What is being asked ▸
Return exactly the run of lines that begins at the line containing "Apartamento à venda com 100m², 2 quartos e 1 vaga Apartamento" and ends at the last line of the material below; pictures stay out.
---------- Data provided ----------
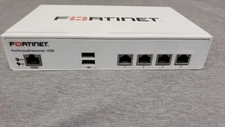 Fortinet Fortivoice Enterprise 100e VOIP appliance/server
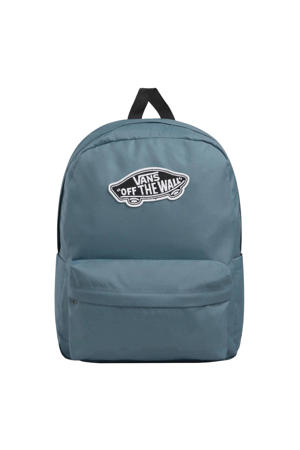 rugzak Old Skool Classic blauw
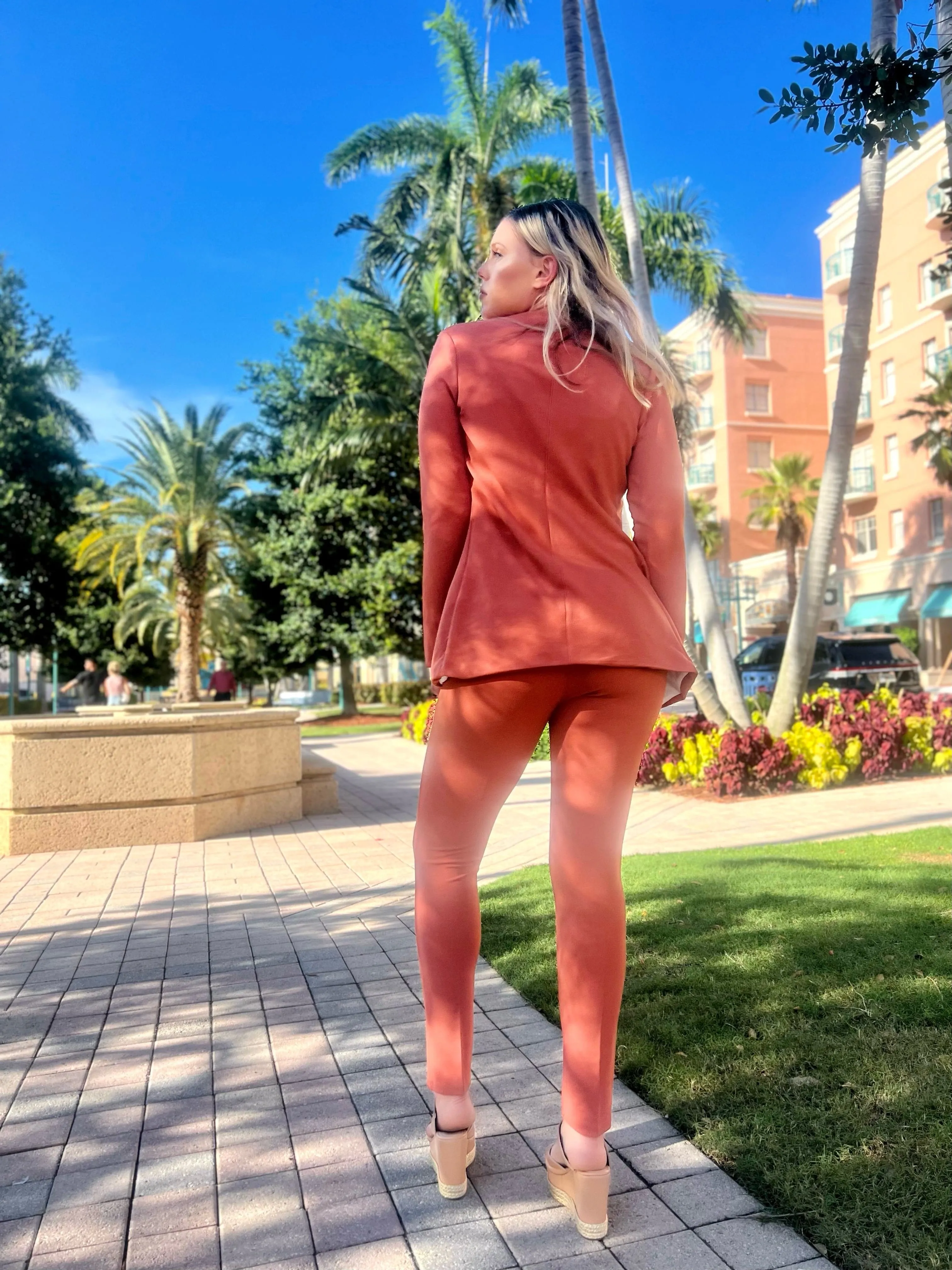 Autumn Pants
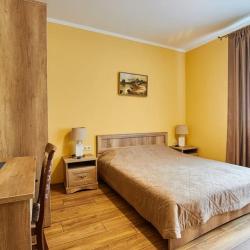Фото Отель Turli Inn (Тюрли Инн)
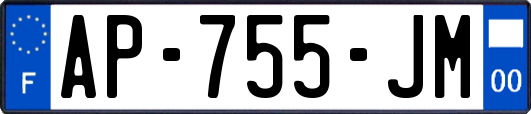 AP-755-JM
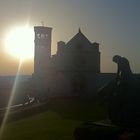 Abbazia di San Francesco d'Assisi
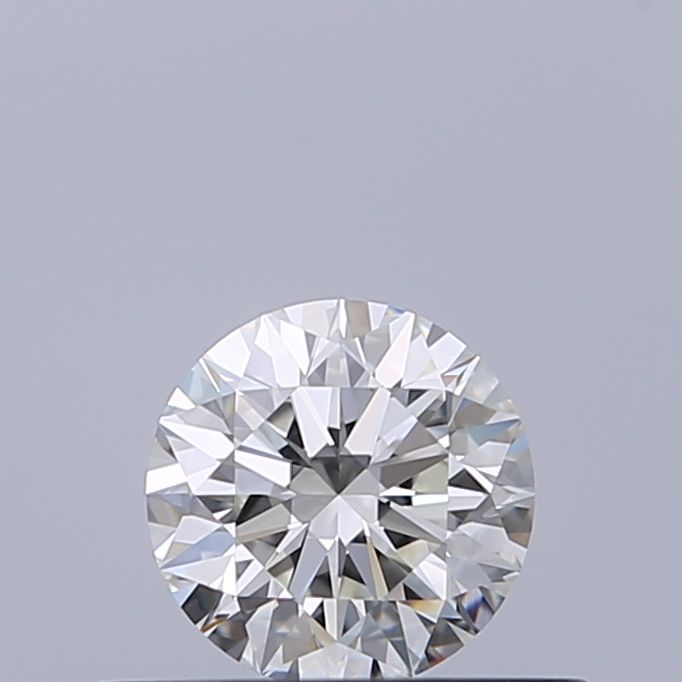 Diamond Natural 0,38Ct I-VVS2 Round - GIA7551157694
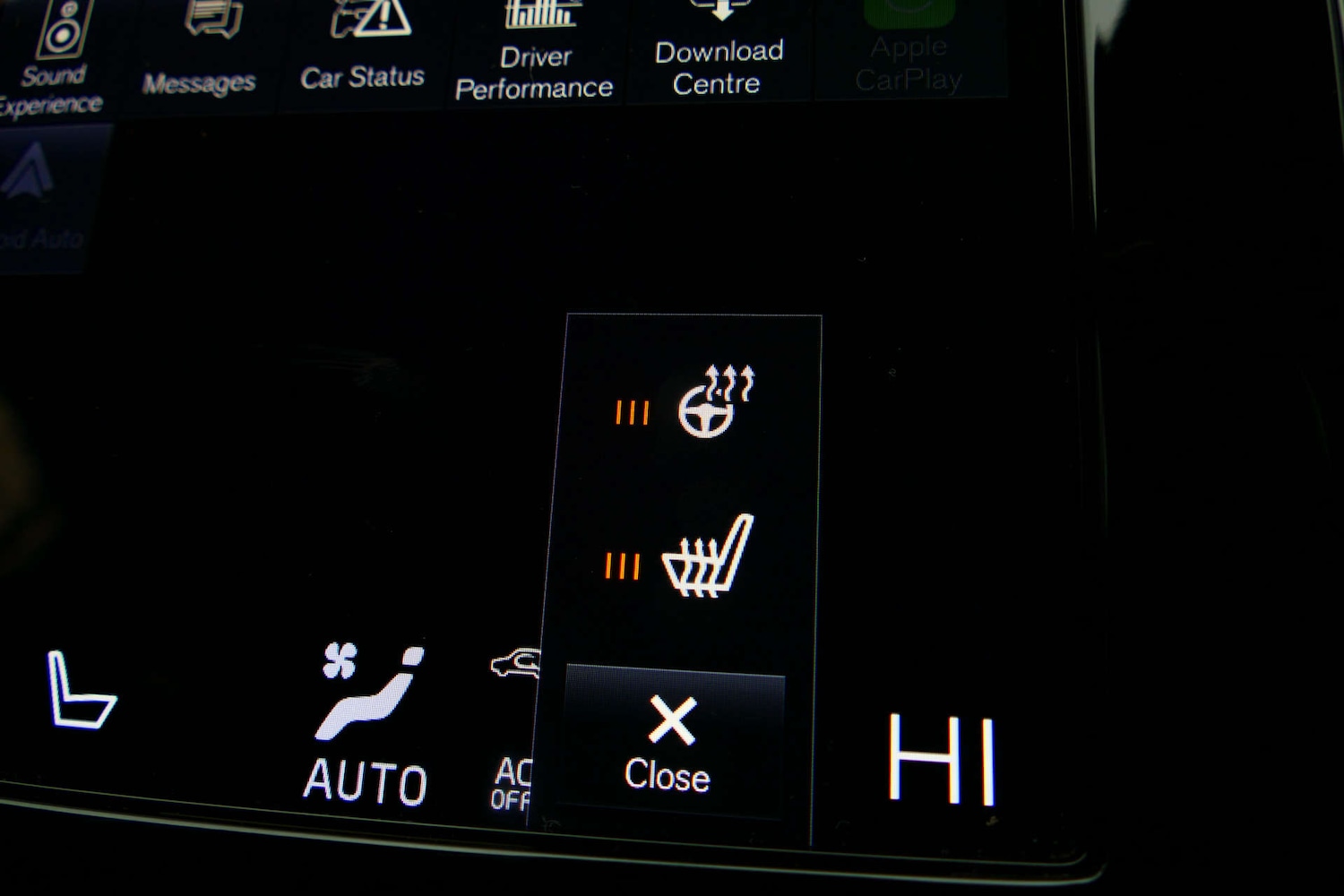 Used Volvo XC90 2021 for sale - 77617115: Photo 35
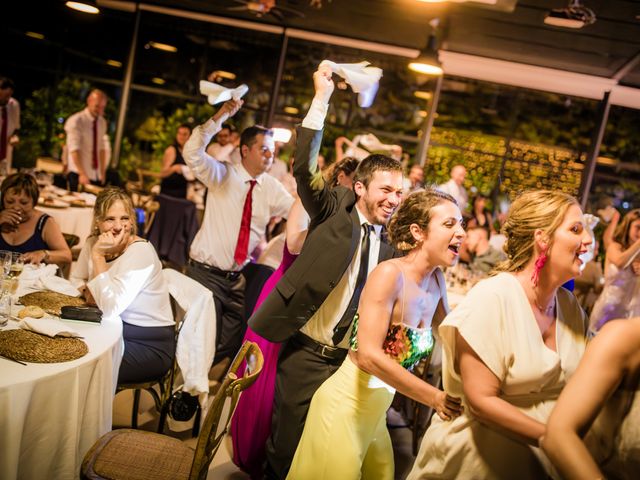 La boda de Belen y Roger en Vila-seca, Tarragona 279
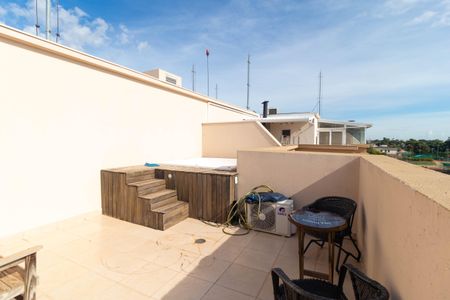 Apartamento à venda com 100m², 2 quartos e 1 vaga Apartamento à venda com 100m², 2 quartos e 1 vagaCobertura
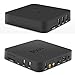 BNT KODI Media Center MX4 4K Smart Android TV Box Android box with KODI 15.2 and Top addons fully loaded Support UHD 4K TV Internet live TV&Movies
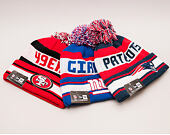 Kulich New Era The Jake NFL San Francisco 49ers Team Colors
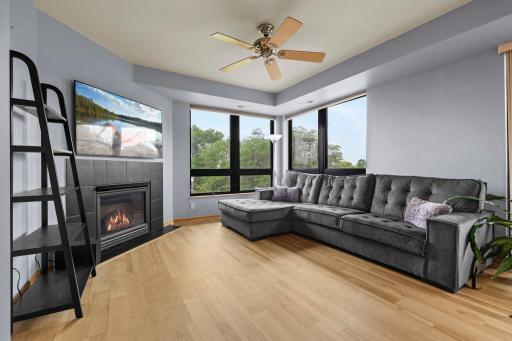 7601 Aldrich Avenue S, 317, Minneapolis, MN 55423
----------
Reply ▸
 Apartamento à venda com 100m², 2 quartos e 1 vaga Apartamento à venda com 100m², 2 quartos e 1 vagaCobertura
 BNT KODI Media Center MX4 4K Smart Android TV Box Android box with KODI 15.2 and Top addons fully loaded Support UHD 4K TV Internet live TV&Movies
 Kulich New Era The Jake NFL San Francisco 49ers Team Colors
 7601 Aldrich Avenue S, 317, Minneapolis, MN 55423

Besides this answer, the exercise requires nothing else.